As a kid I was surrounded by grandparents and great aunts and uncles. They cared about me and taught me many things. Now as a grown-up I have no family nearby. Truthfully, even if we lived next door to my parents, (as I did to my grandparents) they wouldn’t invest the time in us. They are more prone to turn on cartoons for the kids than to actually spend time with them. My mother-in-law actually told us she doesn’t babysit and that she had done her time. The last time we visited her she didn’t even take off of work to spend time with us though she only saw us about once a year- she died not too long after that.

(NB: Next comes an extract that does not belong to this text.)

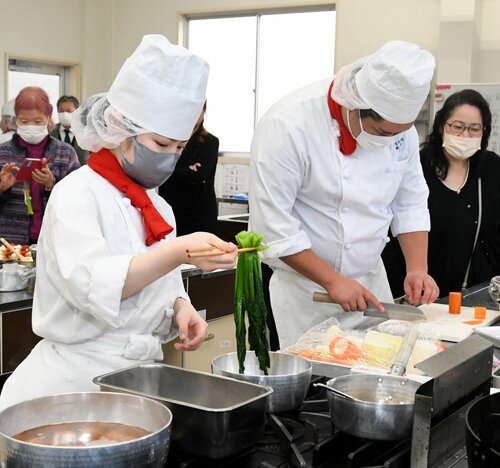 保護者が見守る中、料理の腕を振るう生徒ら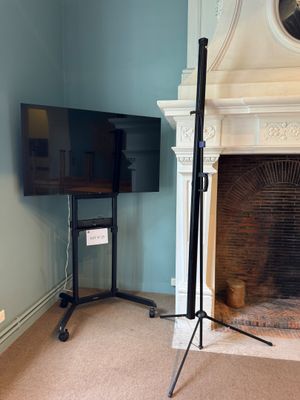 a fireplace and a television in a room with blue walls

I would love to have mentors because I know what I am missing. I’m only in my thirties, but I do reach out to the younger ladies. I try to encourage them and if I use wisdom they are usually receptive.
Amy says
I’m glad you are reaching out!
Mrs. Joseph Wood says
Amy, this is a great post!! As a mentor to many woman, there is so much truth in what you share. There are times when I know the young momma is not open to hear my prayerful suggestions and it is best to remain quiet. There are other times I know I must speak it anyway. I was just talking to beth joy today about all the young mommas I delight in investing in their lives. They eagerly take the suggestions, communicate with me , and then move forward in life as God and their husbands direct them!
As I prepare the member section of our website to launch. I will be giving much prayer to the women that the Lord brings. I would love to know you were praying about it too!
Because of His Love,
Mrs. Joseph Wood @ http://www.amomentwithmom.com
Amy says
You have a true Titus 2 spirit, Jeanette!
Jane says
Interesting post. I’ve been thinking quite a lot about the older-woman mentor issue lately. It seems to me that older women are to be helpful, but not over-bearing to the younger. I would think that it would be better for a pastor, elder, deacon and husband to hold a younger woman to account(unless we are simply talking here about house-wifery). An old woman(and I am one) who meddles, with a seemingly scriptural warrant, can cause a great deal of strife in families. I think an older, Titus woman would be best advised to help with home management, be an example of contentment in Jesus, a sure church-worker and attender, there to listen and commiserate, but NOT to doctrinally ‘teach’. A woman who point families to the pastor as necessary. I’ve seem more young families messed up by meddlesome older women who feel they are on a mission from God when they interfere in other people’s families. It’s really sad.